Some supporters speculated that Swift's successful lawsuit against a Colorado deejay — who allegedly groped her at a fan meet-and-greet in 2013 — might have been a catalyst for her new political activism.

"#Taylor Swift took her sexual assault perpetrator to court and won, spreading the message that assault matters," wrote a Twitter user Joanna Turner Bisgrove.

"Bravo to her for using her influence to spread the message that voting in elections matter and that educating yourself on the issues and where your reps stand matters."

Former Arkansas governor and two-time presidential candidate Mike Huckabee mocked Swift and her fans, saying they're too young to matter anyway.

"So @taylorswift13 has every right to be political but it won't impact election unless we allow 13 yr old girls to vote," Huckabee tweeted. "Still with #MarshaBlackburn."

The GOP's bad blood against Swift was sweet music to her liberal fans.

"Mansplainers gonna 'splain, 'splain, 'splain, 'splain, 'splain," US Rep. Eric Swalwell, D-Calif., tweeted at one of Swfit's male critics.

The Tennessee race, to replace retiring GOP Sen. Bob Corker, is one of the nation's most closely watched, because Democrats have a shot at flipping a seat that's been held by Republicans since 1995.

Recent polls show Bredesen, a former governor of the Volunteer State, locked in a tight battle with US Rep. Marsha Blackburn, one of President Trump's most ardent supporters.

Famed moviemakerRob Reiner welcomed Swift to the world of political activism.

"A big shout out to @taylorswift13. for speaking out," he wrote on Twitter. "You can single handedly change this country. Impress on your fans how critical and powerful their voices are. If you get them to the polls on Nov.6, everything you care about will be protected. #VOTE."


Republicans were quick to brand Swift as just another left-leaning entertainment world elite.

"If you haven't heard, multimillionaire pop star Taylor Swift came down from her ivory tower to tell hardworking Tennesseans to vote for Phil Bredesen," according to a statement from the National Republican Senate Committee.

The 10-time Grammy winner Swift, one of the world's biggest pop stars with more than 83 million Twitter and 112 million Instagram followers, has been conspicuously absent from the political scene.

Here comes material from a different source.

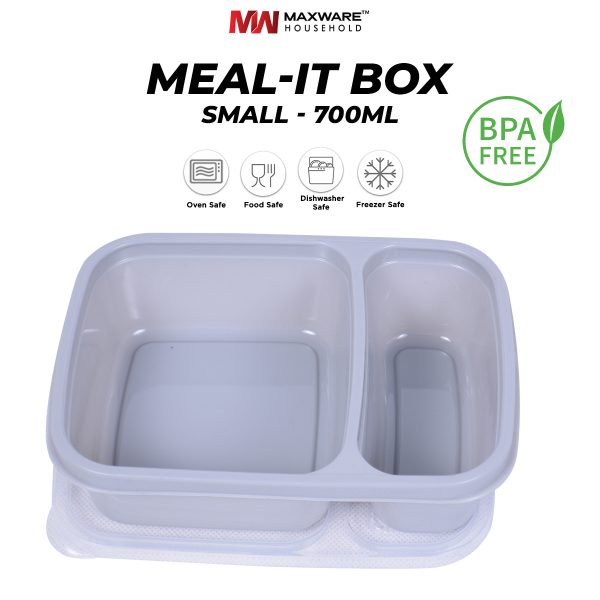 ( 1 Piece ) Meal It Lunch Box Small – 700 Ml With Two Portions | Best Quality Lunch Box ( Random Color )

While peers like Beyonce, Katy Perry, Lady Gaga, Ariana Grande and Miley Cyrus were active in the Hillary Clinton's 2016 campaign, Swift stuck to the bleachers.

And alt-right trolls, writing in 4Chan message boards and the Daily Stormer, and have long celebrated Swift as their ideal female — pretty, white, blonde and without a political opinion.


"She stays silent and people condemn her. She speaks and people condemn her, but I think she knew that would happen- and I think she doesn't care," wrote a Twitter user named @BrkMeLikAPromis.

"If you're damned if you do & damned if you don't, you might as well take a stand for what you believe. Proud of you @taylorswift13."